_TASK STATEMENT_: What you return should be only the lines in the entries below between the one holding "1 Doverton Drive" and the one holding "Stock Photography - Close-up", ends included, with every picture left out.
INPUT FOR THIS TASK below:
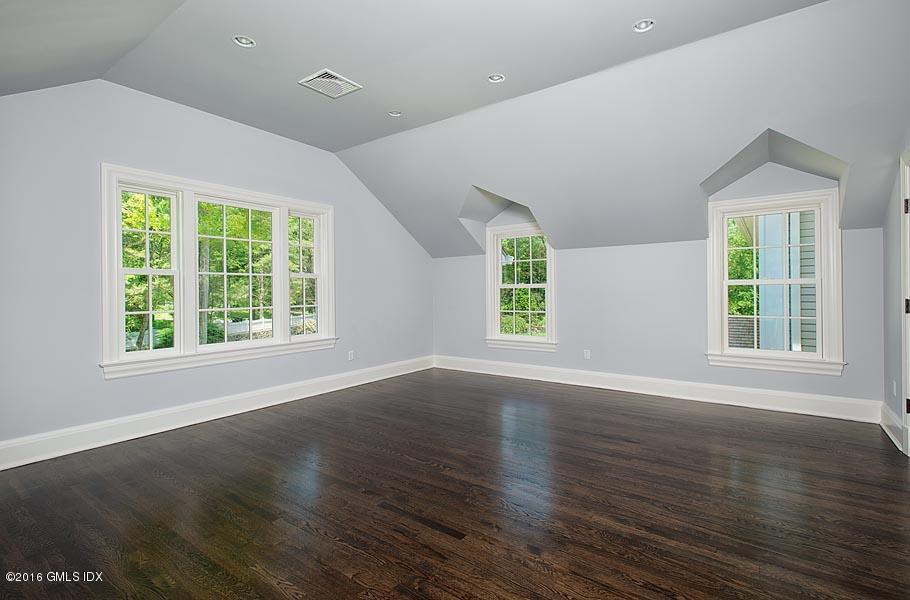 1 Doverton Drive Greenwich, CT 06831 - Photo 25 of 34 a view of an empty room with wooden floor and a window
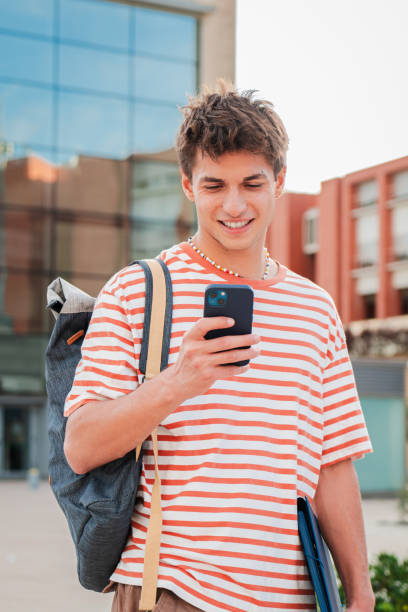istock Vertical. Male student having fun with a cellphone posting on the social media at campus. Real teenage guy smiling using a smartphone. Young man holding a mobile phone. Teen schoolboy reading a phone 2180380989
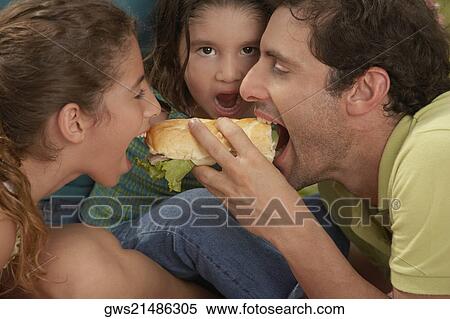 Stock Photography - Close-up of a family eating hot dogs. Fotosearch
End of INPUT FOR THIS TASK.
INPUT FOR THIS TASK below:
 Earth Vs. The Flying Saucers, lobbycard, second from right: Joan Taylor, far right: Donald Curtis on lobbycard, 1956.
End of INPUT FOR THIS TASK.
INPUT FOR THIS TASK below:
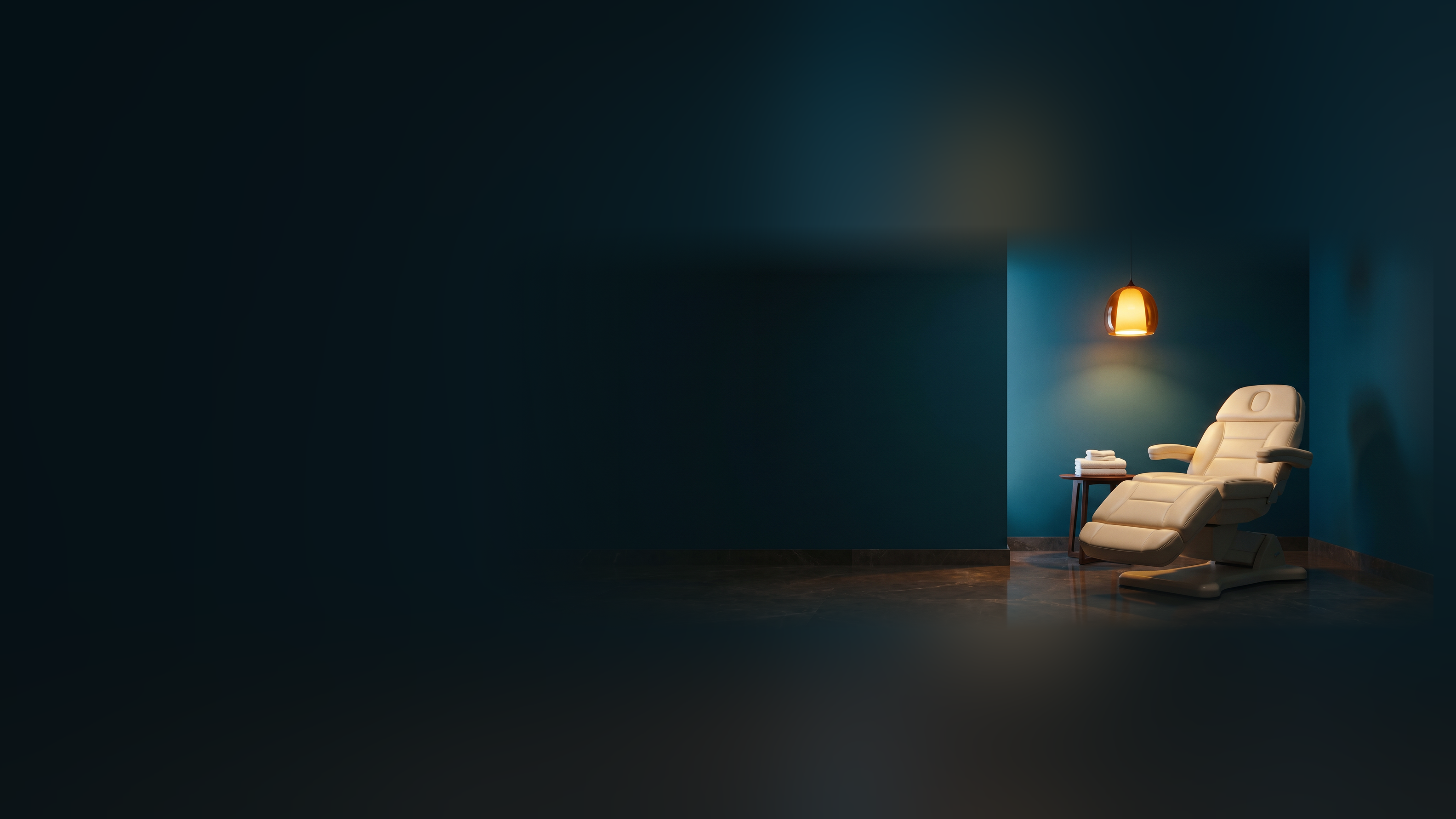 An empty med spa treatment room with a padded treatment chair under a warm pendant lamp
End of INPUT FOR THIS TASK.
_SOLUTION TO THIS TASK_:
 1 Doverton Drive Greenwich, CT 06831 - Photo 25 of 34 a view of an empty room with wooden floor and a window
istock Vertical. Male student having fun with a cellphone posting on the social media at campus. Real teenage guy smiling using a smartphone. Young man holding a mobile phone. Teen schoolboy reading a phone 2180380989
 Stock Photography - Close-up of a family eating hot dogs. Fotosearch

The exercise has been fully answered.